Given data START
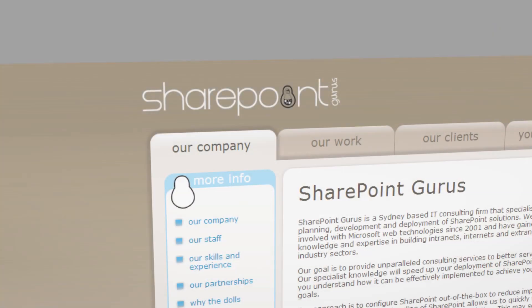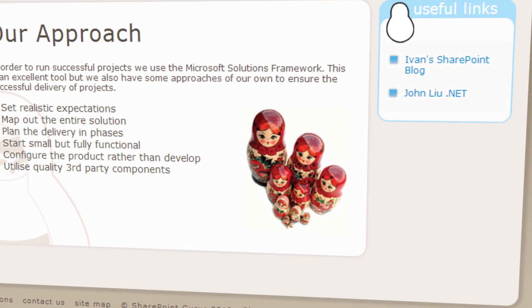I'm John Liu. I'm a SharePoint developer and consultant. I work for SharePoint Gurus, a SharePoint consultancy in Sydney.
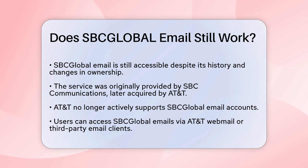SBC Global Email was once a popular service provided by SBC Communications, which was later acquired by AT&T. Despite the changes, SBC Global Email accounts are still accessible, but there are some important points to consider.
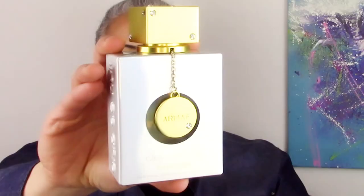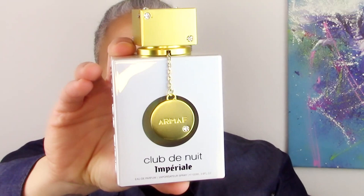Hey guys, welcome back to Glam Finds. I'm here with another fragrance review, and today we're going to review a fragrance from the new Club de Nuit line from Armaf — this is Armaf Club de Nuit Imperial.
Given data END
__Try it__
Go from the first line of the listing to the line holding "SBC Global Email was" and, please, transcribe those lines exactly, both included, with no pictures.

__Answer box__
I'm John Liu. I'm a SharePoint developer and consultant. I work for SharePoint Gurus, a SharePoint consultancy in Sydney.
SBC Global Email was once a popular service provided by SBC Communications, which was later acquired by AT&T. Despite the changes, SBC Global Email accounts are still accessible, but there are some important points to consider.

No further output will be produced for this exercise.